Given data »
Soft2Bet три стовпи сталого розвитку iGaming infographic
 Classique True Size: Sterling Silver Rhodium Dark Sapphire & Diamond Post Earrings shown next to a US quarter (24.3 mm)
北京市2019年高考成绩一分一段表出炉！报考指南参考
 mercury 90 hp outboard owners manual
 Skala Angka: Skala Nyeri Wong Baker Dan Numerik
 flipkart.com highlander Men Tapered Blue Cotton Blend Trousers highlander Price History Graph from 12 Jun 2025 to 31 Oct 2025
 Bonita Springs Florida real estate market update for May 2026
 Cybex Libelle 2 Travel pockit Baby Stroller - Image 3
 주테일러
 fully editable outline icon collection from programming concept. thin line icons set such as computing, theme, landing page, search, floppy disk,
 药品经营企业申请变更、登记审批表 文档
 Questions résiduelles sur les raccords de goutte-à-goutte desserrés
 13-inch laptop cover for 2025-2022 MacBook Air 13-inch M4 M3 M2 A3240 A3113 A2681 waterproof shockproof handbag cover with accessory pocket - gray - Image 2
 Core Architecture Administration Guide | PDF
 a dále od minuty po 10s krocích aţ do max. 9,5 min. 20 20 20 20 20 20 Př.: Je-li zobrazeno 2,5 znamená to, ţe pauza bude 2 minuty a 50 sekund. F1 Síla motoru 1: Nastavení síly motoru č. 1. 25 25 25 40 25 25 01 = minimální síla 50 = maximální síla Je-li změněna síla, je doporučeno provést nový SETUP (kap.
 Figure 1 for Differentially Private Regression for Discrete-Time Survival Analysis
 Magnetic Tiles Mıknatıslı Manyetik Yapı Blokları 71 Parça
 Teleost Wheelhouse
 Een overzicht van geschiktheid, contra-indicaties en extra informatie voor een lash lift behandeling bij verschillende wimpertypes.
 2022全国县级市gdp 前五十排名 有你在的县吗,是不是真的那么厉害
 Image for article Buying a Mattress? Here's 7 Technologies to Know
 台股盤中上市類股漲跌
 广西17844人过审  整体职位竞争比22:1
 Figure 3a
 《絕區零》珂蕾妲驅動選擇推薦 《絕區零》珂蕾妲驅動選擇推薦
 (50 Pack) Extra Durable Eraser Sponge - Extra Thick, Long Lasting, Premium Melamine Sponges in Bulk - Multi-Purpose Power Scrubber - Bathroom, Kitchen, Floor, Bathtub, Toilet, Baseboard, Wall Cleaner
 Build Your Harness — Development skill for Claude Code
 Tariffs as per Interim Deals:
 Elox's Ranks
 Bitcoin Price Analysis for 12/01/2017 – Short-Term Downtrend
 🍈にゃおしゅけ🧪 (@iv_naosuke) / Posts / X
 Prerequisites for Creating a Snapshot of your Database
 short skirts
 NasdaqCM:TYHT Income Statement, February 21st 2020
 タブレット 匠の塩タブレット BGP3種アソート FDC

Aim of the task »
Find how many lines of the records hold the string "Image", then give that number by itself.

Task response »
3